Lloyd, who himself completed a certificate in carpentry at the institution, said he has the utmost respect for BTVI. He said any society would come to a halt without a copious cohort of technicians, and that it is the intention of the government to increase investment in TVET.

BTVI’s New Providence campus graduated 210 students from various trades, including auto mechanics, carpentry, electrical installation, fashion, business office technology and heating ventilation and air conditioning (HVAC).

The education minister said that as the economy further develops, the labor market is becoming even more specialized, and, as a result, there is an increased demand for employees with specific skills training.

“Many of you graduates will soon be called upon to fill some of these needs and I am sure that your training at BTVI has provided you with confidence, expertise and overall preparedness,” said Lloyd.

With that, Lloyd said it is the government’s intention to increase investment in TVET in high schools in the near future.

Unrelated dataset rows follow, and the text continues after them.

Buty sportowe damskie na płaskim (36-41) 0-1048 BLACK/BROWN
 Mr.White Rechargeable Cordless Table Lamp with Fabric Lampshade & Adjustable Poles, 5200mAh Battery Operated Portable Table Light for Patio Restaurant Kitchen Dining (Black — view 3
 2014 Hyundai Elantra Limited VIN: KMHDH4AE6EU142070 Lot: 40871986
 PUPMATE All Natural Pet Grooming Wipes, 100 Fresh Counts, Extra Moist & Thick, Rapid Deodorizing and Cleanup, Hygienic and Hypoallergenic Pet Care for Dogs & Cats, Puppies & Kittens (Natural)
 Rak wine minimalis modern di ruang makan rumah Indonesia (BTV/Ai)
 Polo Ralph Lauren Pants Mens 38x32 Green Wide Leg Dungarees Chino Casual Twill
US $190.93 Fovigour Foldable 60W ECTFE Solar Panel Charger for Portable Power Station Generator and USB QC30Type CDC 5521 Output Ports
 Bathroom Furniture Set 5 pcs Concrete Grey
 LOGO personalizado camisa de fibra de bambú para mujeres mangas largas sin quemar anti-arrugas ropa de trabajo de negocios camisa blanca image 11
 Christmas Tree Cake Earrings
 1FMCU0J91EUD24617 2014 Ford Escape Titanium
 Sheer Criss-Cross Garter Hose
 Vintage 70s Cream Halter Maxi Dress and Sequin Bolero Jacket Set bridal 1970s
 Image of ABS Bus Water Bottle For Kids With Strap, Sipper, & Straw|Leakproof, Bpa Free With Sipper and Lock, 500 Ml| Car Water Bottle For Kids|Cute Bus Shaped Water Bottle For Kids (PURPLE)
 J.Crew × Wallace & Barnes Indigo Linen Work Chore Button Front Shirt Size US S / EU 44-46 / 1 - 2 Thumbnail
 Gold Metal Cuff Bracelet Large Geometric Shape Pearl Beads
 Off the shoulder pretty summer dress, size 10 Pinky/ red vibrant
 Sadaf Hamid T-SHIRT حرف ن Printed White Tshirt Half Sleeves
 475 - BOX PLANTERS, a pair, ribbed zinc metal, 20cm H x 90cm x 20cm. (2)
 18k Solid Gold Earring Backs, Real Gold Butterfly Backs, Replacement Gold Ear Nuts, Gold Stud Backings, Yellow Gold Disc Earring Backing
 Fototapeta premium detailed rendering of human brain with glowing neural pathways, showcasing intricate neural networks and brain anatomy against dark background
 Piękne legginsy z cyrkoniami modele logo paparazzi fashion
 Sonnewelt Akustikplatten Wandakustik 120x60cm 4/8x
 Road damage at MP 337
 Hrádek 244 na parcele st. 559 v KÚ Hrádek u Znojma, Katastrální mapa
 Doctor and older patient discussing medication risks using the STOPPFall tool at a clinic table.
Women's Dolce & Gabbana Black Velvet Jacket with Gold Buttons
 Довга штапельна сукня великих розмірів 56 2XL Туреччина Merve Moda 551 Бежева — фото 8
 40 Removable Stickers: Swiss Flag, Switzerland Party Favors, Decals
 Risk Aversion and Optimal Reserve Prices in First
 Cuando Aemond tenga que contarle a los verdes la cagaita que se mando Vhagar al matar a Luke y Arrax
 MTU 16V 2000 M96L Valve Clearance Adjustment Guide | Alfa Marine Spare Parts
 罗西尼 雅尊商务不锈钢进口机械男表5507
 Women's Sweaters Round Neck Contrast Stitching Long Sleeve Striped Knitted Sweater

“When that comes into existence, it is my hope that eventually students entering BTVI would already possess enough of the basics in their technical areas from the high school and middle school, so by the time they come to BTVI, they come to master those skills,” said Lloyd.

BTVI President Dr. Robert W. Robertson said during his address that the institution is preparing the next generation of innovators.

“This falls in line with the thrust to bolster human capital outcomes. A skilled workforce supports economic growth and a better quality of life for our people. Hence, BTVI is key to providing skilled labor. Class of 2017, your skills are critical to the development of the Bahamian economy,” said Dr. Robertson.

Fulbright scholar and entrepreneur Dr. James (Jim) Dever from Florida State University lauded BTVI for experiential learning, which he said is the purest form of education.

Dr. Dever encouraged the graduates to fine-tune their skill sets by making learning a lifelong pursuit and to consider opening their own businesses.

“Set yourselves apart, and please use your talents. You have proven you have the brains. Find your competitive edge, but never chase money. With success comes money,” he said.

The New Providence and Grand Bahama commencement ceremonies were powered by Aliv. Aliv recently entered into a three-year, $30,000 partnership with BTVI that will assist with the school’s commencement exercises into 2019.

Aliv provided $10,000 for this month’s graduation exercises on New Providence and Grand Bahama, as well as graduate of excellence cash awards for the top students on both islands. The awardee for New Providence was fashion student Dellrene Thompson and on Grand Bahama, office assistant student Katushka McIntosh, both of whom were awarded $500.

The Faculty Excellence Award went to Anthony Ramtulla.